Records to process: Begin
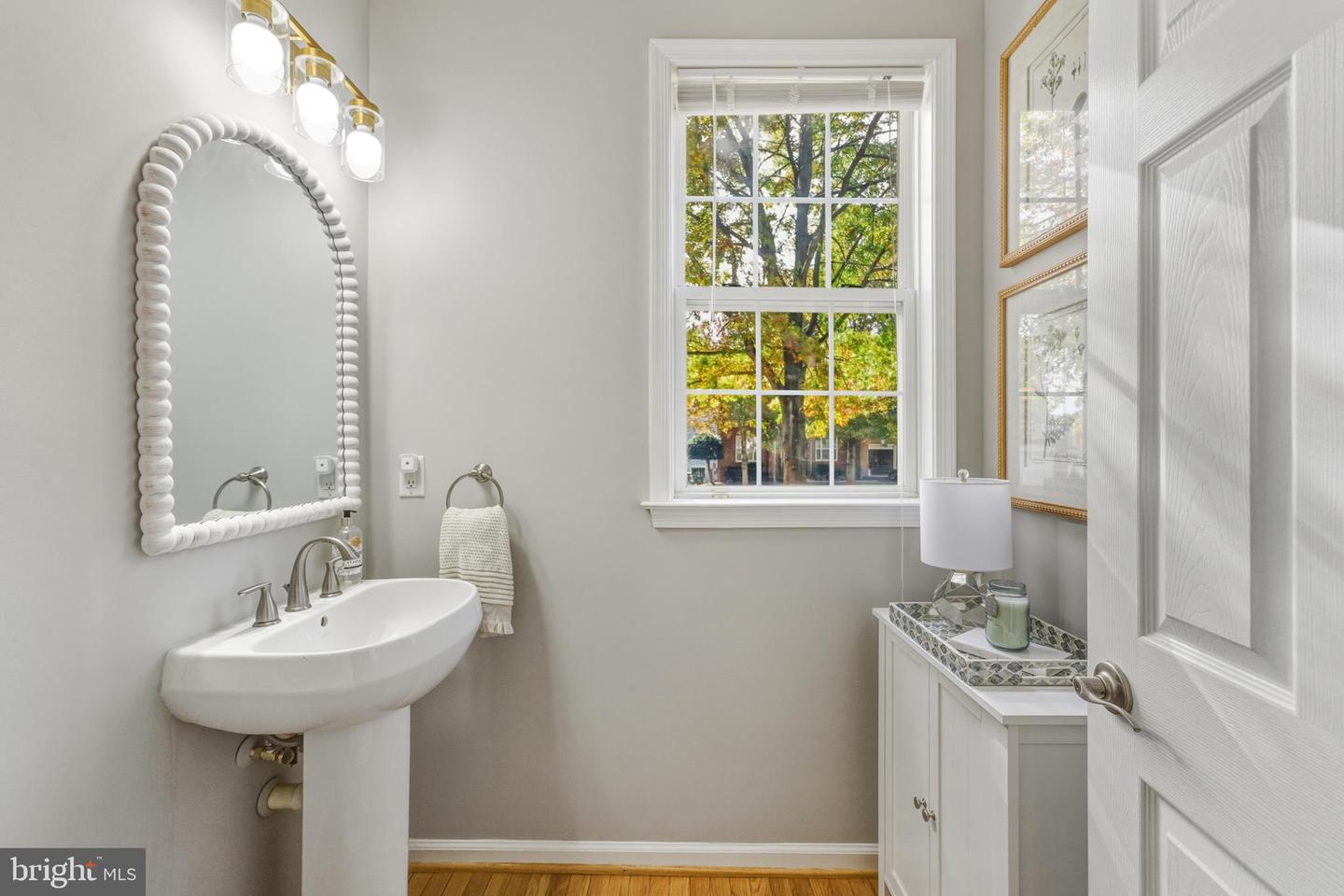 16830 TIDEWATER CT, WOODBRIDGE, Virginia 22191, 5 Bedrooms Bedrooms, ,3 BathroomsBathrooms,Residential,For sale,16830 TIDEWATER CT,VAPW2106948 MLS # VAPW2106948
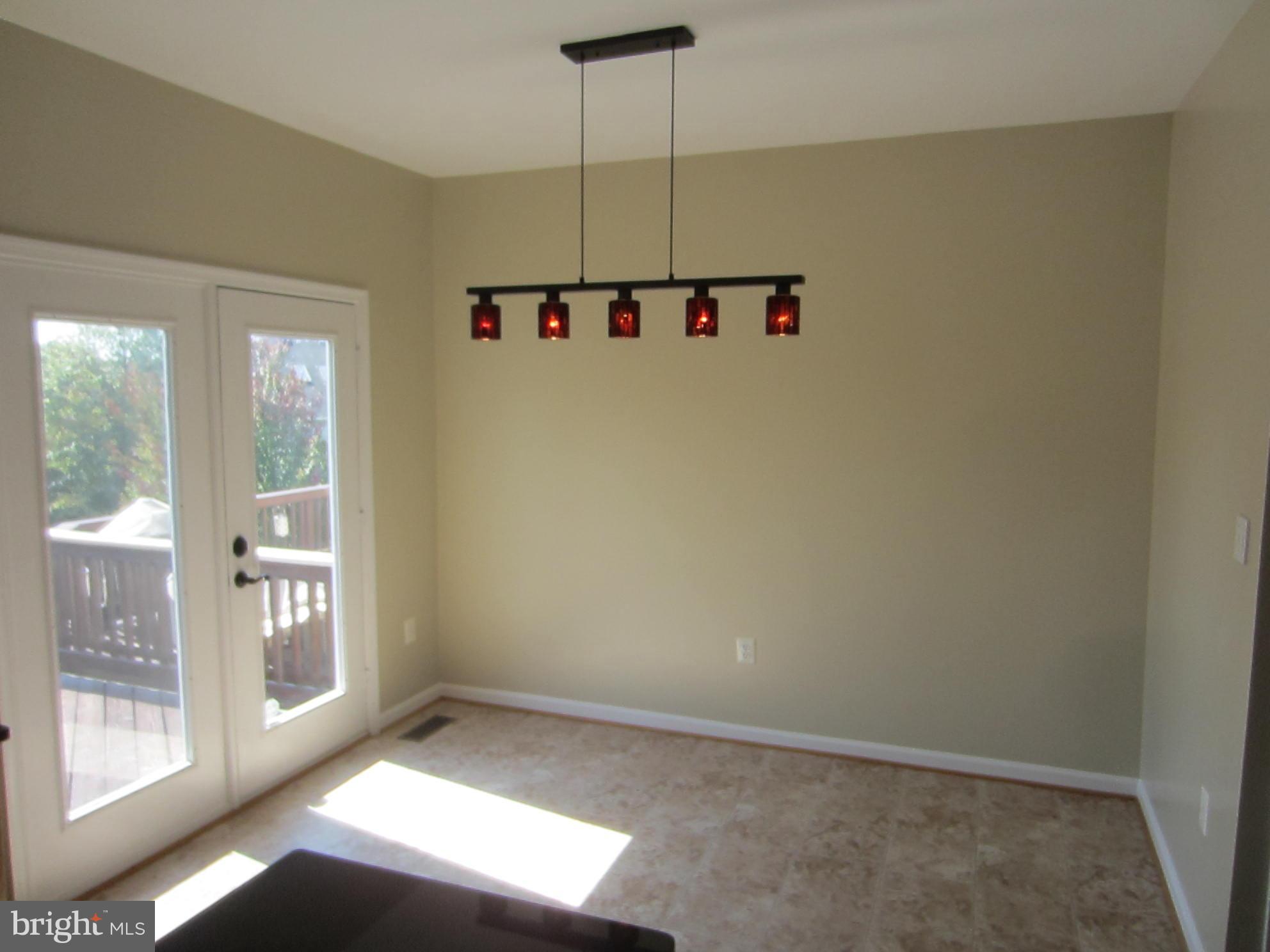 KINGSTOWNE - Residential Lease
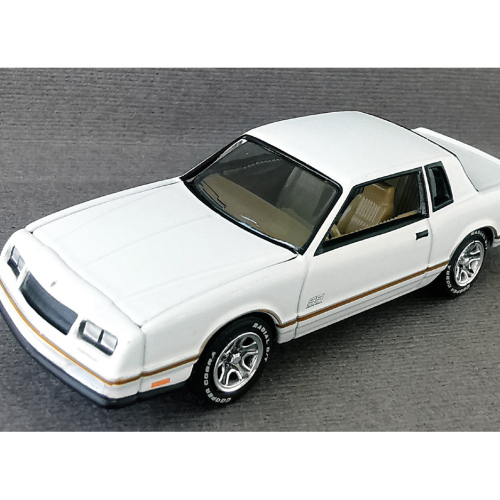 1987 Chevrolet Monte Carlo SS Johnny Lightning Gloss Vit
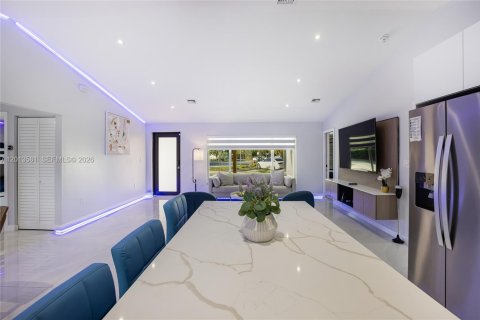 Casa en venta en Fort Lauderdale, Florida, 3 dormitorios, 122.26 m2 № 2075859 - foto 16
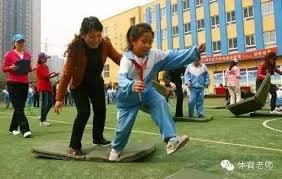 皇马2-3巴萨！维尼进球被换下，谁是丢冠罪魁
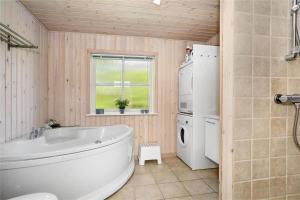 BL704-Blokhus-Soren-Petersvej-7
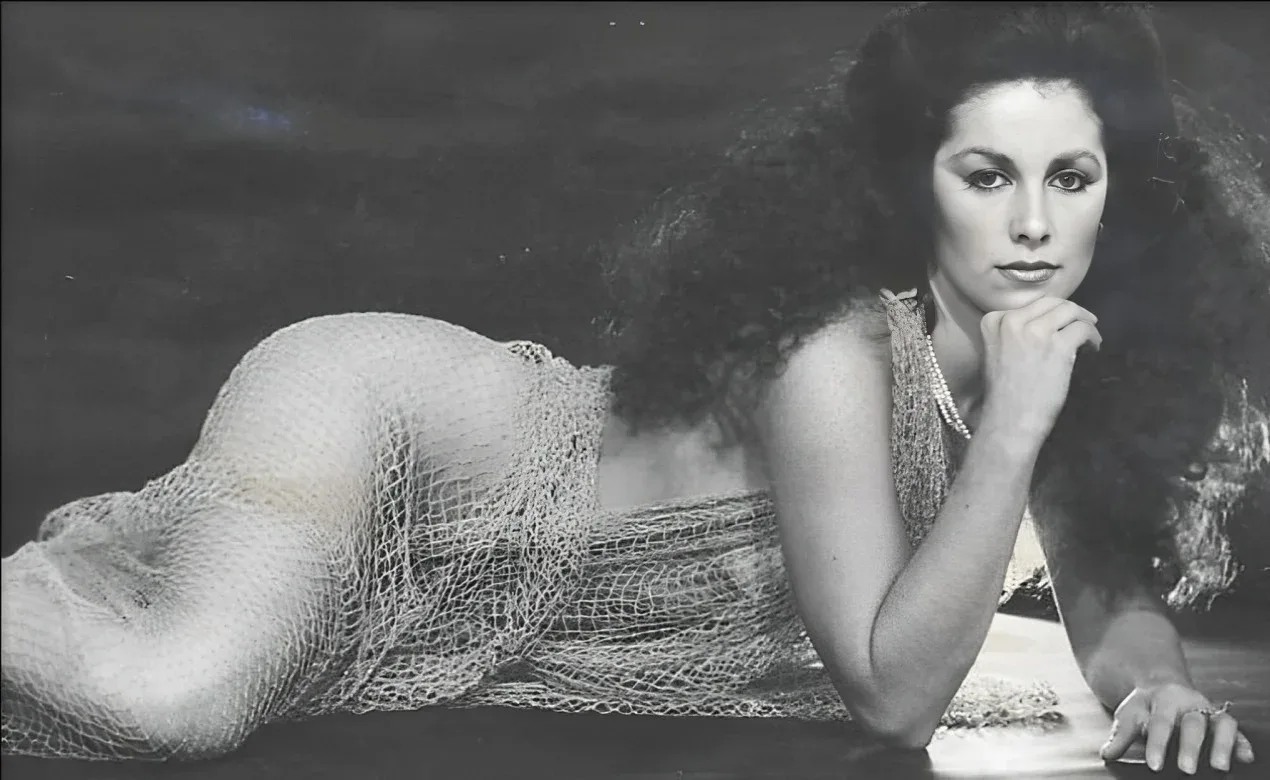 Aldine Muller photo 12 — Actress (former), Centerfold (former), Playboy Model (former), Presenter, Producer, Brazilian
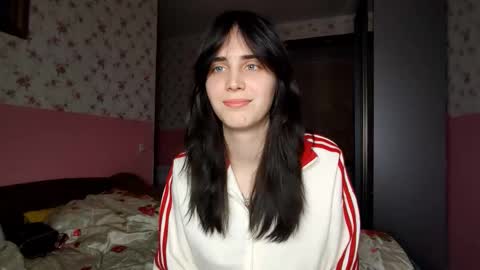 Kira online show from November 9, 3:21 pm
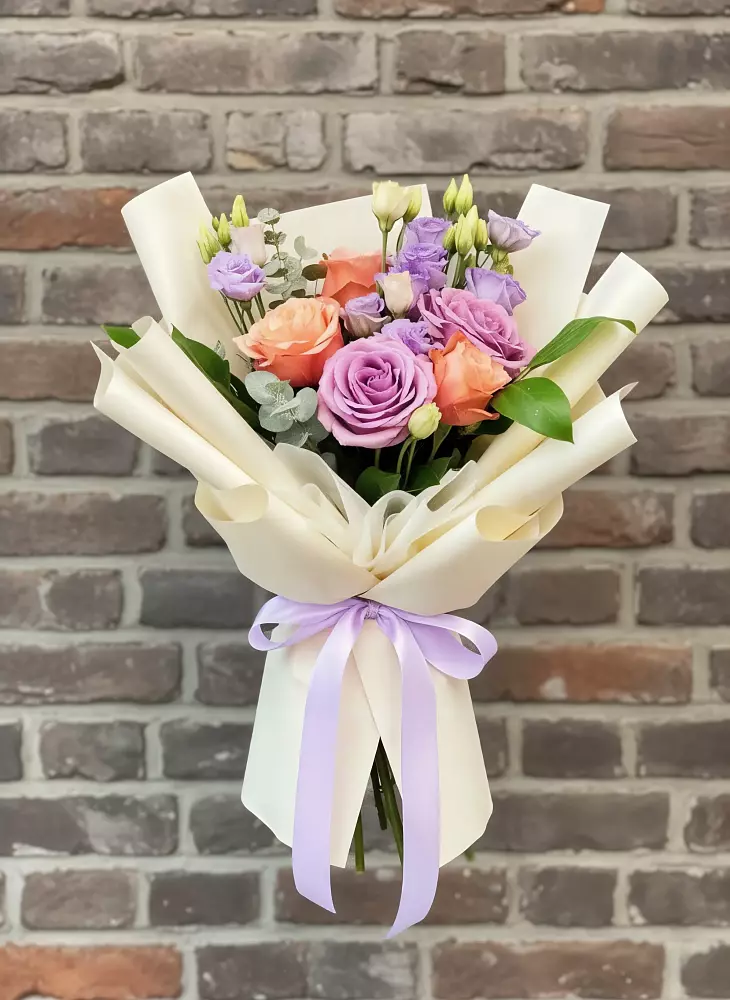 Букет цветов из: Лизиантусы и Розы в Емецк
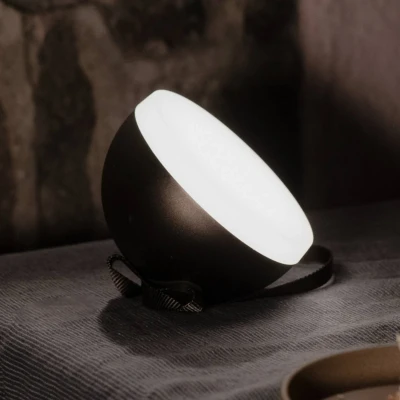 Afbeelding van New Works Sphere Tafellamp LED Oplaadbaar Outdoor Dark Bronze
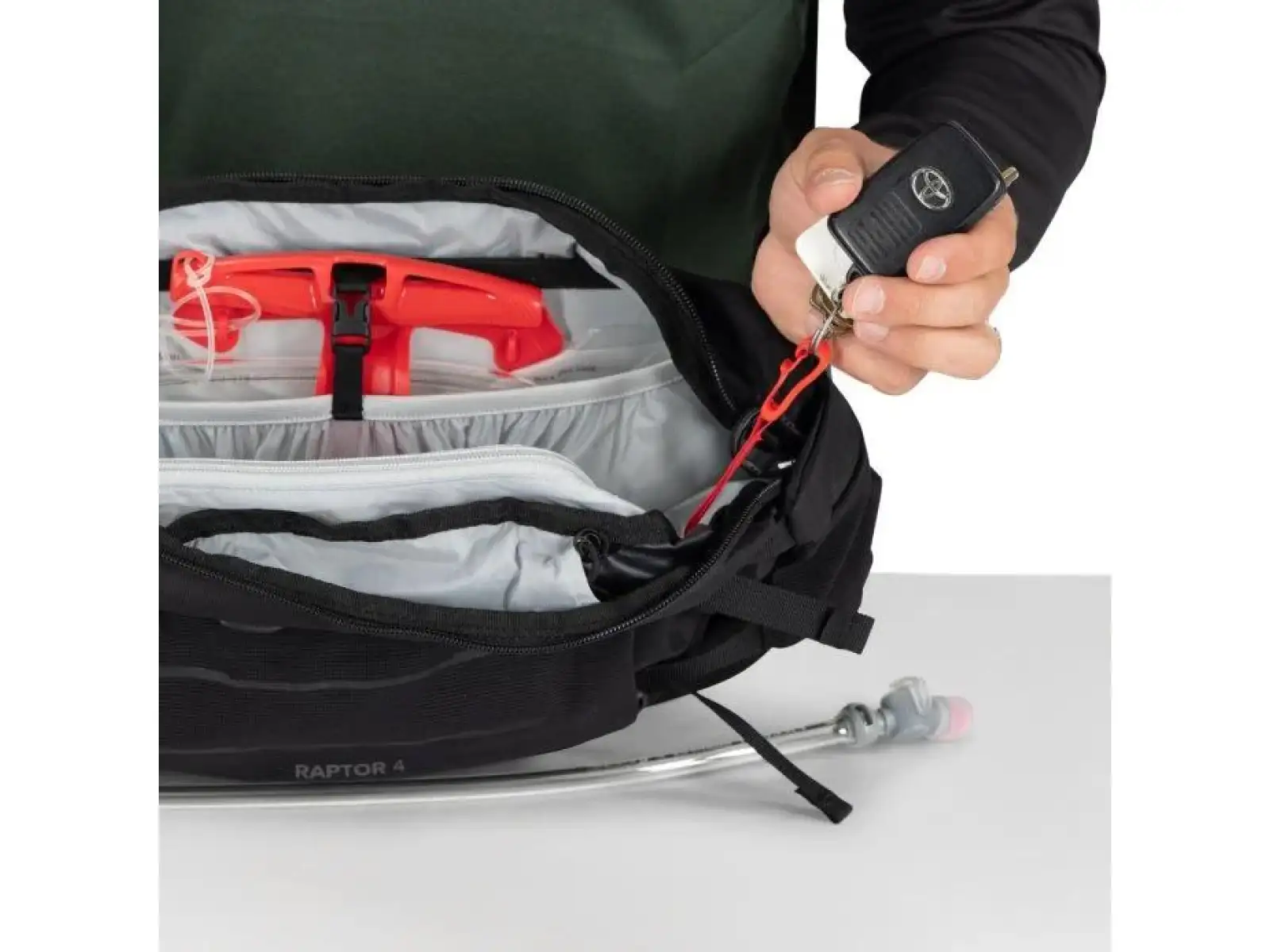 Osprey Raptor 4 ledvinka Pediment Grey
Records to process: End
### Activity
Print only the lines from the one with "BL704-Blokhus-Soren-Petersvej-7" through the last line of the data above, exactly and with both ends, and please omit any pictures.

### Reply to the task
 BL704-Blokhus-Soren-Petersvej-7
 Aldine Muller photo 12 — Actress (former), Centerfold (former), Playboy Model (former), Presenter, Producer, Brazilian
 Kira online show from November 9, 3:21 pm
 Букет цветов из: Лизиантусы и Розы в Емецк
 Afbeelding van New Works Sphere Tafellamp LED Oplaadbaar Outdoor Dark Bronze
 Osprey Raptor 4 ledvinka Pediment Grey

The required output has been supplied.